French performers fight sexism and violence with art

French performers fight sexism and violence with art

A French touring arts festival is raising awareness of violence and discrimination against women as it travels through Normandy. “Spectacles en cavale,” which means “travelling performances” in French, is a feminist arts festival taking place for the whole month of July, with performers, musicians and puppeteers going from village to village by caravan, performing live shows for adults and children. 

“There is a growing interest in feminist issues in France, and when I saw a call from the Ministry of Culture for cultural projects in rural areas, I proposed to do Spectacles en cavale,” says organiser Malou Estenne. 

Estenne is the founder of Transtopie, an events management organisation dedicated to fight against discrimination with art.

“Last year, I decided to put together Ladyfest, a riot grrrl feminist music and arts festival that started in Olympia, Washington, which has since branched out all over the world. I decided to put together one here in Alençon, where I live, and it worked very well.”

Spectacles en cavale offer a variety of performances and workshops to encourage people to exchange ideas on women’s issues and gender: a muppet show celebrates the English palaeontologist Mary Anning, there are games and theatre performances around gender identity and stereotypes, and sound installations with readings of poems by women – to name a few.

During the festival, artists are joined by guest speakers and volunteers assisting with workshops. The reactions so far have been mixed, Estenne says. “Some people love it, others are shocked, saying it’s extreme, particularly our exhibition about women’s bodies in the public space”.

The exhibition, which mixes photography with charcoal drawings by Estenne, depicts women’s bodies and slogans denouncing sexist violence. In one of them, the famous sentence by Simone de Beauvoir “one is not born, but rather becomes a woman” is changed to “one is not born, but rather dies a woman.”

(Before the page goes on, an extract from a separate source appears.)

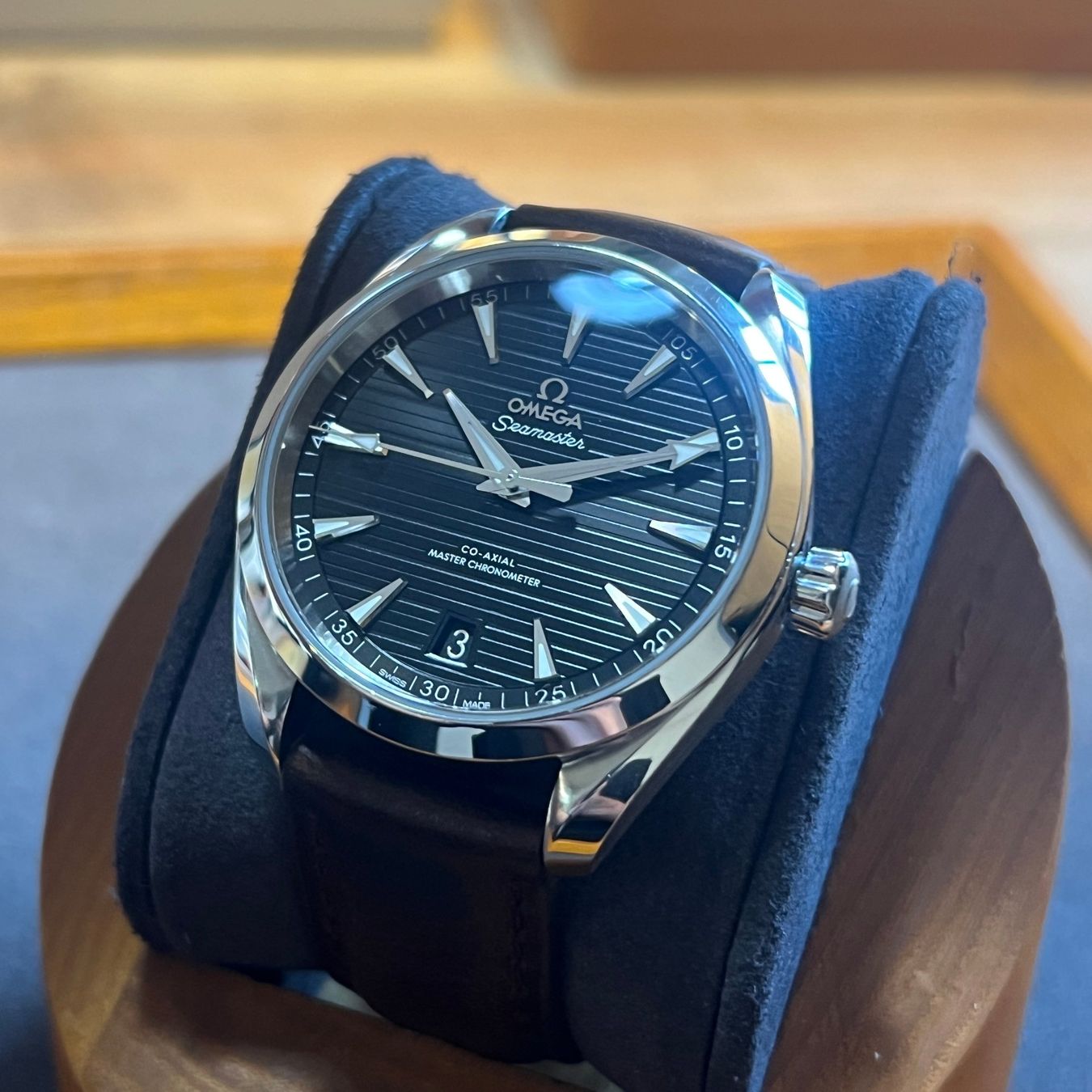Omega Orologi: Omega Seamaster Aqua Terra Automatic Date Full Set 220.13.41 – Usato da Carouge GE venduto da Watchaser 2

The show with most success so far has been a theatrical performance by three actors playing the story of a woman giving birth, and questioning what it means to be a woman. “It’s funny, there is a lot of interaction with the public, and they end it with a folk dance – which is very joyful, people love it.”

Women in the public space

Central to the festival is the topic of women in public spaces. “La rue fait mauvais genre” loosely translates as “the street does not engender confidence,” a play on the word “gender”, and is told by Estenne in front of an audio-visual installation. She wrote the performance based on her own experiences as a young girl living in Paris, describing violence against women and queer individuals in public spaces, and questioning how to reclaim it. 

la rue fait mauvais genre

“When we create inclusive public spaces for women everyone benefits, including children, people with disabilities and older people,” Estenne explains. “There is a trend called “gender mainstreaming” which has been coined by the EU to define the policy of implementing gender awareness at all levels of governance, that has been applied to urban planning in cities like Montreal and Vienna.” 

“When I travelled to Canada, I was surprised to see pedestrian areas in Montreal, convivial spaces where people can gather. There is also this large public space in the heart of the city entirely dedicated to festivals, entertainment and leisure called la Place des Festivals.”

During the festival, Estenne included an “exploratory walk”, a women-only walk around Alençon at night. This is a safe space where women can share their experiences, and discuss safety and security. Drawing inspiration from Canada, Estenne had organised several of these walks in the Norman town previously. 

In France, she tells us, urban public spaces are largely occupied by men. For women, these  are transient, used to get from one place to another, even during the day.  At night no one feels safe, Estenne explains.

“Whether it’s young women who get regularly cat-called and harassed, or older women who are being followed and are scared of being assaulted, no one feels safe in the city, whatever their age.”

During these walks around the city, Estenne conducts radio interviews with women, recording their comments on the public spaces they are in. She later uses these recordings to create interactive maps. Through this work she aims to drive a conversation about inclusivity, and hopefully, create safer public spaces for everyone.